President Al-Bashir’s ICC Indictment: In March 2009, the International Criminal Court (ICC) made good on its promises to “implicate the whole state apparatus” in Khartoum for atrocities committed in Darfur by formally indicting Sudanese President Al-Bashir on war crimes and crimes against humanity.

  • The ICC decision to go after Bashir was not greeted with enthusiasm by all of his detractors. Many feared the peace process in Darfur would be compromised by the indictment because Bashir would calculate that he had nothing left to lose and would be loathe to make concessions during upcoming negotiations. Others noted that the ouster of Western humanitarian groups (a measure taken by Khartoum, in part, in retaliation for the Bashir indictment) would harm victims while Bashir would most certainly remain at large. Remain at large is exactly what Bashir has done. See his very public condemnations of the ICC process and justifications for his actions in Darfur in a series of interviews recently conducted by Time and the PBS News Hour.
  • Undeterred, ICC Prosecutor Luis Moreno-Ocampo told the PBS News Hour this week that he was pursing additional genocide charges against Bashir, specifically related to the use of “rape and hunger” as weapons of war against civilians.
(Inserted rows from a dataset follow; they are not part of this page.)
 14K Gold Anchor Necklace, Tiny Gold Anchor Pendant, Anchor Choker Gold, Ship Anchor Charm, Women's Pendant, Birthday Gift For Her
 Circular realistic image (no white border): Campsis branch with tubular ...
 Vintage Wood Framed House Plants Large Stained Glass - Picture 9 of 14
The US (like Sudan and 30+ other countries) has not ratified the Rome Treaty and is not party to the ICC. Some African countries who have ratified the Rome Treaty are now being urged by Sudan and others to withdraw their recognition of the ICC in protest of Bashir’s indictment. Bashir’s National Congress party will hold conferences in October to determine whether or not he will stand as the nominee in upcoming Presidential elections, scheduled for April 2010. If he does run, he will be seeking a third decade in power.

US Policy Toward Sudan: This remains largely unchanged from the Bush to the Obama Administrations. A formal policy statement by President Obama’s foreign policy team is reportedly under consideration and scheduled for release soon.
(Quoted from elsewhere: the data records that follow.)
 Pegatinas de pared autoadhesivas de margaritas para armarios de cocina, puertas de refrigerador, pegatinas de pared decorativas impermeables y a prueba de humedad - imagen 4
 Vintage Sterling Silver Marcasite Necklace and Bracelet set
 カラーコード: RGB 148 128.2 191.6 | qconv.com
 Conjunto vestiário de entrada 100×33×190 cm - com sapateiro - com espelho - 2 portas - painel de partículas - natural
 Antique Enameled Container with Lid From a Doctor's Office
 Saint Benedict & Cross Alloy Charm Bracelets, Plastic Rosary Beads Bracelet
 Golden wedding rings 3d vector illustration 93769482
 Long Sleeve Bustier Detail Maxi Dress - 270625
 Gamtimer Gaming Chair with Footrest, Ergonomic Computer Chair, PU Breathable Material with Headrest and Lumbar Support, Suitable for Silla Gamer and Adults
  • President Obama’s Special Envoy to Sudan Scott Gration embarks this week on a visit to the country to assess preparations for the North-South census and referendum, and to monitor the situation in Darfur. Gration’s statements to date have been cautious, and it is unclear what, if any, policy shifts he may recommend. He drew fire recently for his suggestions that it was now safe for Darfuri IDPs and refugees to begin to return home when many assessments of the security situation (including the additional 150,000 people displaced this year alone) would argue otherwise. He has also been criticized for seeming to downgrade the conflict in Darfur to “remnants of a genocide.”
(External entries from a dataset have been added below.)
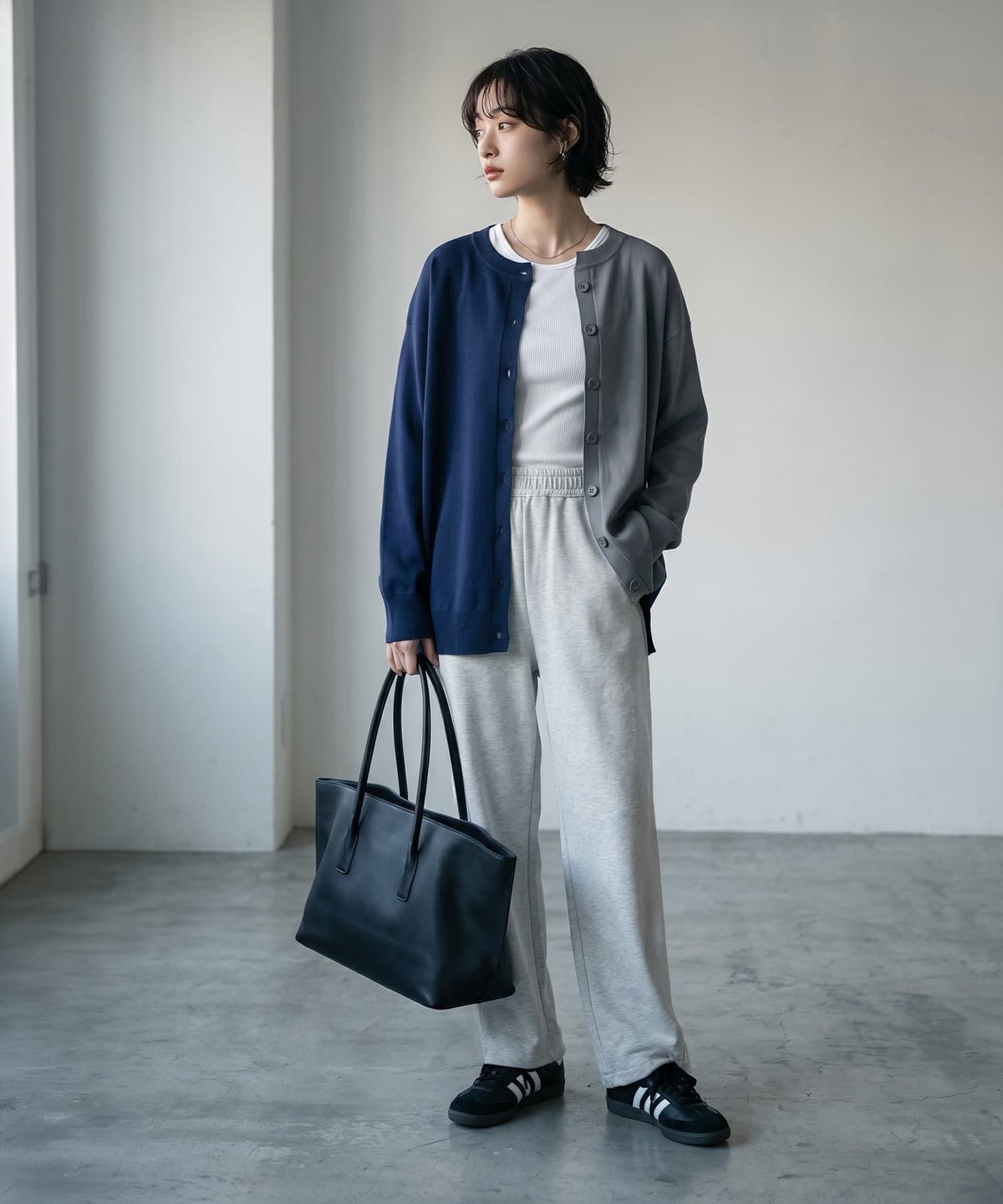 着用イメージ 170cm ネイビー×グレー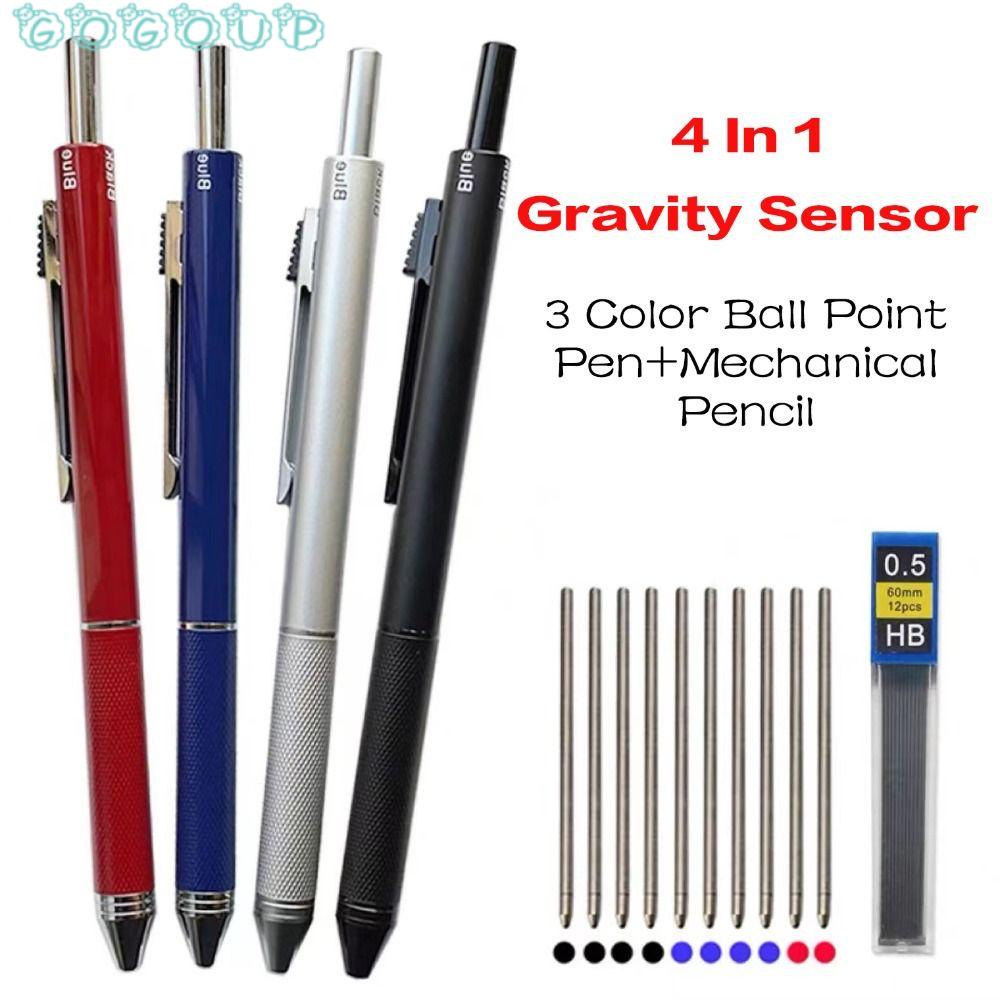 Bút Bi Cảm Biến Trọng Lực 4 Trong 1 3 Màu Đa Năng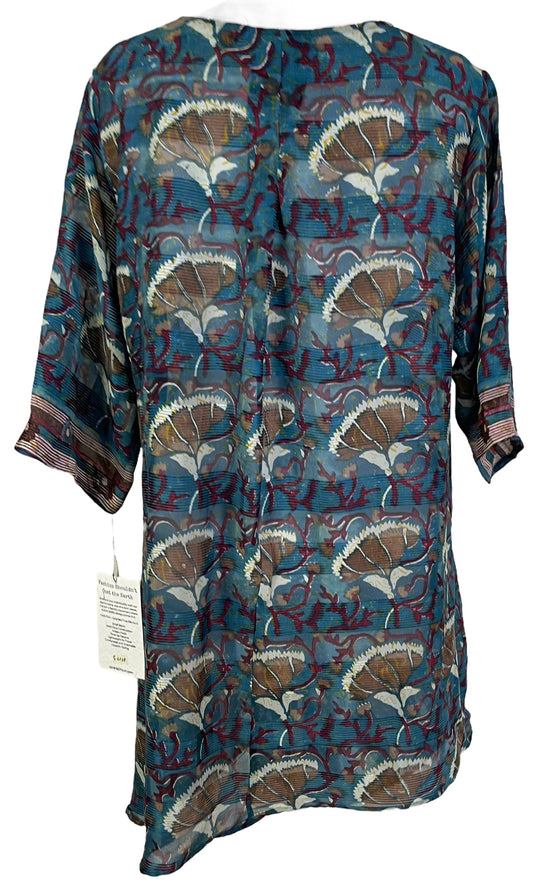 PRG6038 Sheer Avatar Pure Silk Self Pocket Tunic Dress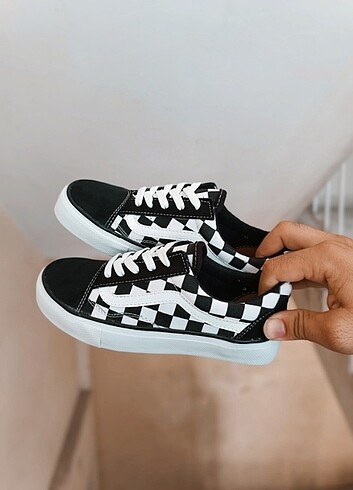 37 Numara siyah damalı Vans old school sıfır ürün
  • A coalition of US human rights organizations and Darfur advocates has launched a new campaign to pressure the Obama Administration to intervene in the region. See Opposing pressure is being applied by groups who favor normalization of relations with Sudan and an end to US sanctions that prevent US companies from investing in Sudan’s lucrative oil sector (currently dominated by Chinese companies).
  • Some analysts worry that, even if American policy should turn more sharply against Khartoum, US leverage in the United Nations Security Council over Sudan is limited. The US needs China’s cooperation as concerns over Iran and North Korea take center stage – a hard-line stance over Darfur may not be possible at this time given other geopolitical realities.
  • As many have predicted, the urgency of looming deadlines concerning North-South tensions may also take precedence over Darfur as the US and other stakeholders in the CPA try to preserve the fragile peace in that conflict.